The fiscal year which ended March 31 generated more than C$45 billion in revenue, 17 percent more than forecast, while spending was up 10 percent to C$42 billion.

In addition to the Heritage Savings Trust Fund, Alberta also has a “rainy day contingency account,” which stands at C$4.7 billion and is expected to grow in the near-term to C$6 billion, with anything over C$5 billion required to either stay in the account, go to capital spending, or go to savings.

Borrowing continues

Despite its strong revenue stream, Alberta continued borrowing during the last fiscal year to pay for capital projects, raising its debt to C$8.7 billion. It is on track to borrow more than C$21 billion by 2017.

Wildrose Party financial spokesman Rob Anderson said “it’s disappointing and an insult to Albertans that, at a time of amazing prosperity and revenues, the government continues to borrow billions and play a financial shell game with taxpayers’ dollars.”

Budgeting has become the key issue in the Conservative Party’s leadership contest to replace former premier Alison Redford in June, with Jim Prentice and Rick McIver - two of the three candidates - calling for a revamping of the budget format.





It’s pay up time for Alberta

As many have predicted for years, the Alberta government is now faced with paying the price for its determination to refine and upgrade more of its heavy crude production within the province.

The only survivor from a long list of corporate proposals to build facilities in Alberta is now dipping deep into the pockets of its patron.

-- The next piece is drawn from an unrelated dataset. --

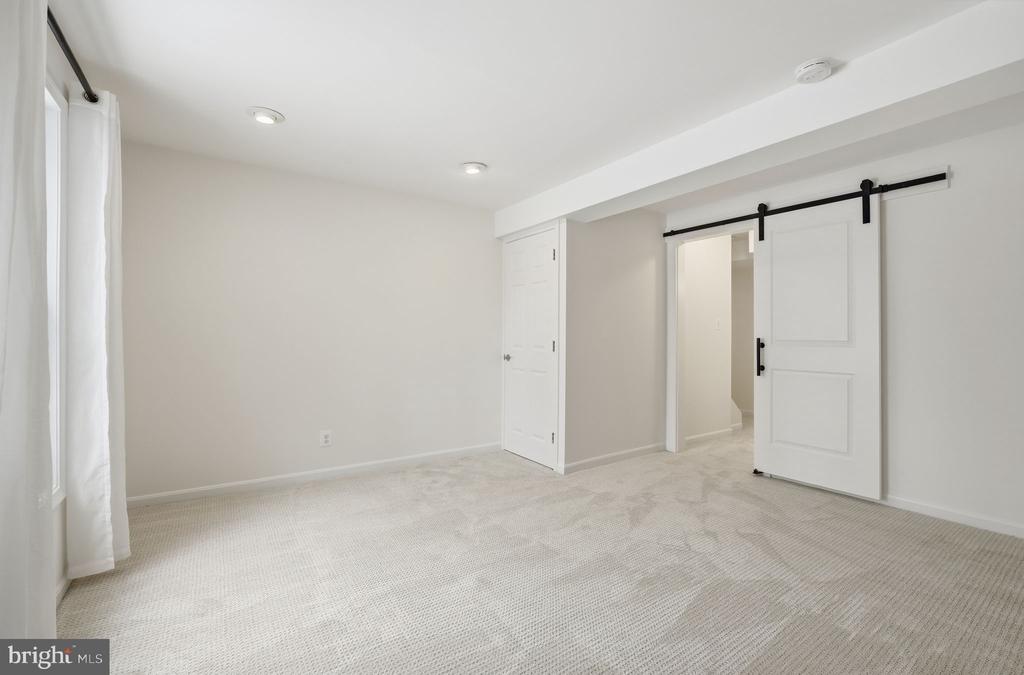 1669 POPLAR GROVE DRIVE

The fees the government will pay the operators of an Edmonton-area refinery to convert raw bitumen to transportation fuels are now estimated at C$26 billion over 30 years, up C$7 billion from original estimates.

In its 2013-14 fiscal report, the government disclosed the staggering increase was contained in a previously unannounced revised “processing agreement” that was executed three months ago, putting the processing fee at about C$63 per barrel, although the province did warn in late 2013 that a hike was in the cards.

However, under the restructured agreement, the province gets a 25 percent voting right on aspects of construction and operation.

The higher tolls reflect cost overruns for the Sturgeon Refinery, whose price tag is now C$8.5 billion, up 50 percent from the forecast in 2010. The government is supplying 37,500 barrels per day, or a total of 410 million barrels, of heavy crude over 30 years as feedstock for the refinery in lieu of oil sands royalties it would otherwise have collected.

Analysts have consistently argued there was no chance the refinery — a joint venture by North West Upgrading and Canadian Natural Resources — would go ahead without the government’s backing, although Premier Dave Hancock has insisted the facility remains a viable development for the province.

But members of opposition parties in the provincial legislature have described the facility as “corporate welfare.”

The refinery is due to start refining 75,000 bpd of bitumen in September 2017, a year behind schedule. Even if the partners do take the next design step to 150,000 bpd, the refinery will still be one of the smallest in Canada.